In order to execute the tests of the zone name from the input it must be a valid domain name. If name servers are provided for the zone in the input, the names of the name servers must also be valid domain names. Both types of domain names, zone names and name server names, are tested and normalized by this test case. The zone name is called Child Zone in Zonemaster test case specifications.
Overview
To be valid, Domain Name must be one of two:
- a valid ASCII domain name, or
- a valid IDN name (Internationalized Domain Name) as of IDNA2008.
The process defined in this specification will normalize Domain Name and output a normalized form to be used by all Zonemaster test cases. The objectives of the normalization are
- Remove leading and trailing white space characters.
- Convert other dot characters to regular dot (or "FULL STOP").
- Create legal IDNA 2008 U-labels from convenient alternative forms.
- Create consistent representation of the same zone name.

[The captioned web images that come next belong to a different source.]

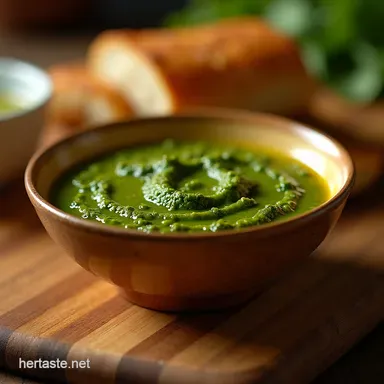 The Green Gold Homemade Chimichurri Sauce for Steak Recipe Card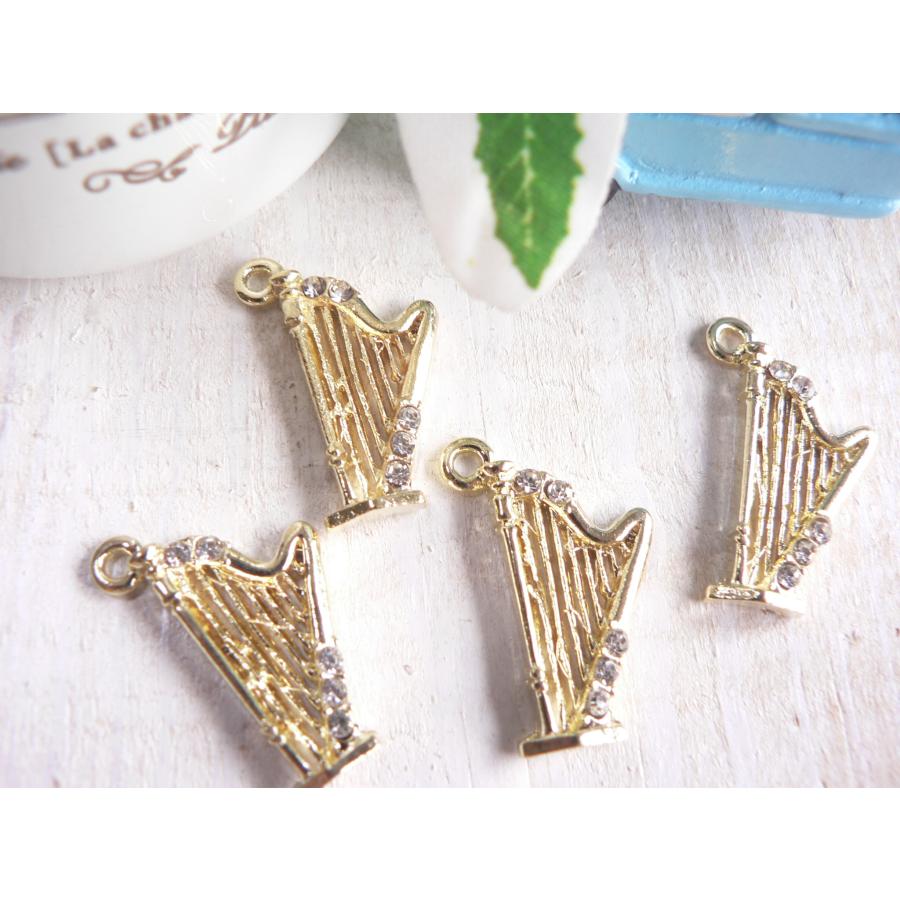 チャーム ハープ 4個 音楽 ミュージック 手芸 パーツ ハンドメイド  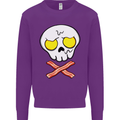Bacon & Egg Skull & Crossbones Funny Mens Sweatshirt Jumper Purple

The result of the normalization can be a new form of Domain Name to be used by the tests in test cases, the normalized form. If the normalized form is neither a valid ASCII domain name nor a valid IDN name, then Domain Name cannot be used for Zonemaster testing.
If the outcome (see Outcome(s)) is not "fail" then Domain Name in normalized form is returned to be used as input value for Zonemaster test cases.
See the details in the Detailed requirements section below.
References
The following references are consulted for this specification:
Scope
This specification only tests and creates a normalized form of the domain name (zone name or name server name).
In this specification, ASCII is identical to the first 128 characters in Unicode (0000..007F).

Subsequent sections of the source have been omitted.